(Reuters) -A California state judge has rejected Tesla Inc’s bid to send a lawsuit alleging widespread sexual harassment at the company’s flagship assembly plant to private arbitration, allowing it to move forward in court.
California Superior Court Judge Stephen Kaus in Oakland denied Tesla’s motion to compel arbitration in a brief order on Monday.
In a written opinion released on Tuesday, Kaus said Tesla had improperly pressured the plaintiff, Jessica Barraza, to sign an arbitration agreement after she had already quit her previous job.
“Basically, Barraza was ambushed,” the judge wrote.

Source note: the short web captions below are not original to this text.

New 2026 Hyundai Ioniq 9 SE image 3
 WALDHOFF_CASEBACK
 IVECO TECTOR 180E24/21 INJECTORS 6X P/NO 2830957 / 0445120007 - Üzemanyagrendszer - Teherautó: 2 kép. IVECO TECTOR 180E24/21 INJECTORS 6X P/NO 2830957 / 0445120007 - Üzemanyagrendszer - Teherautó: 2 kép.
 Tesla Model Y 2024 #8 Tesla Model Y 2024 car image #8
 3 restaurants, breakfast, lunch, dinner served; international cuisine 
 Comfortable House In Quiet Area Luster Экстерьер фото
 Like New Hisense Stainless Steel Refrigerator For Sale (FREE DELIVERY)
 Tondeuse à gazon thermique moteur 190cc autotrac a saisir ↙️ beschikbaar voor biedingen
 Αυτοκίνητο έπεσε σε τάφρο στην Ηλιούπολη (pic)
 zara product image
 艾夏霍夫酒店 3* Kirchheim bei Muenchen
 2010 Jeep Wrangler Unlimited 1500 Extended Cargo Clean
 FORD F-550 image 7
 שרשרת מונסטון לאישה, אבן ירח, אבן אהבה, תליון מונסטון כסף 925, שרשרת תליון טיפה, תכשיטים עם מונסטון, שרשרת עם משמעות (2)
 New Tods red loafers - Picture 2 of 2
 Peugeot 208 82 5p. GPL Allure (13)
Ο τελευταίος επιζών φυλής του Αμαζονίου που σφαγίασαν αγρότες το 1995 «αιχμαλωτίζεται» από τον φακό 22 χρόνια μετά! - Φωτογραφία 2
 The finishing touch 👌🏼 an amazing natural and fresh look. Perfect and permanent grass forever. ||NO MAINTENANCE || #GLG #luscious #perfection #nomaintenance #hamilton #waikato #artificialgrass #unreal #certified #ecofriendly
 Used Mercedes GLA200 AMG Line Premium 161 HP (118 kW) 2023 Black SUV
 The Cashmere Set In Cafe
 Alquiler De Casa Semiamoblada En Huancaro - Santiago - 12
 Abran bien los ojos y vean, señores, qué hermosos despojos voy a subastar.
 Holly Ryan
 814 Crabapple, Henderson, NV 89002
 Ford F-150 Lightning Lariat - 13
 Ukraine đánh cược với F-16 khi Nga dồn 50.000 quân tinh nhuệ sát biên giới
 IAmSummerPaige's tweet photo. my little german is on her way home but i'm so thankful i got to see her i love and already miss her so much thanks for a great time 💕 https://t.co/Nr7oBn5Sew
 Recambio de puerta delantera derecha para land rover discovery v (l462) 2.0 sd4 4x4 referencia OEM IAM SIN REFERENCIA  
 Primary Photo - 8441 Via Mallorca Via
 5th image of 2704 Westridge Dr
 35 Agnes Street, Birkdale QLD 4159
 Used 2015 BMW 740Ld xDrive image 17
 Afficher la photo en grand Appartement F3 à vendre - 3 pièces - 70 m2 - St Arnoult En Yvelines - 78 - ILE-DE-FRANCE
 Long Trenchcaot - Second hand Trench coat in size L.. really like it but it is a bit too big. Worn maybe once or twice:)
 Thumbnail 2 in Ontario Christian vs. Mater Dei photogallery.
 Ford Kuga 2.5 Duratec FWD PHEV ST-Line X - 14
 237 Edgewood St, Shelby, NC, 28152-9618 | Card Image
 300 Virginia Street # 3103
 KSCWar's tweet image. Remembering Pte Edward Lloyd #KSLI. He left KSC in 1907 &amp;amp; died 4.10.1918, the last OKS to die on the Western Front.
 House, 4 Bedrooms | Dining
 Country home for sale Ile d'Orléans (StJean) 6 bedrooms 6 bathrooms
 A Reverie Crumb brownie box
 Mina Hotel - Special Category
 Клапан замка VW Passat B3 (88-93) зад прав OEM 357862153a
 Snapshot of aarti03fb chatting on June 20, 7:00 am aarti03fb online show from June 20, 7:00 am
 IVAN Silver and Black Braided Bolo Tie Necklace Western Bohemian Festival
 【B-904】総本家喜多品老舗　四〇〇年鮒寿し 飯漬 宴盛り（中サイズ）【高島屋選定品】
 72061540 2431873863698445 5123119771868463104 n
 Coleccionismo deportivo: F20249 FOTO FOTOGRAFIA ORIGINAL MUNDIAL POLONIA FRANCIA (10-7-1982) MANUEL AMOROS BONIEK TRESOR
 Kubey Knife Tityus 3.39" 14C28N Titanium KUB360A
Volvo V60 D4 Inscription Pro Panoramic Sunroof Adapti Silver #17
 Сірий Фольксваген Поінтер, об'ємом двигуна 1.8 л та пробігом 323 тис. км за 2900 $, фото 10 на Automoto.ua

Barraza in the lawsuit filed in November claims workers and supervisors at the Fremont, California plant routinely made lewd comments and gestures to female employees, and that the company failed to address complaints.
The lawsuit is one of at least seven pending in California state court to make similar claims against Tesla. Kaus is presiding over five more of those cases.
Tesla did not immediately respond to a request for comment on Tuesday.
David Lowe, a lawyer for Barraza, called the decision “a victory for public accountability.”
“Because of this ruling… Tesla will be judged by a jury of Ms. Barraza’s peers in a public courtroom,” Lowe said in a statement.
Along with the pending sexual harassment claims, Tesla is facing separate lawsuits accusing it of tolerating widespread race discrimination at its plants. A California judge last month awarded $15 million to a Black former factory worker who said he was subjected to racist slurs and graffiti from coworkers.
Tesla has said it does not tolerate harassment and has disciplined and fired workers who engaged in misconduct.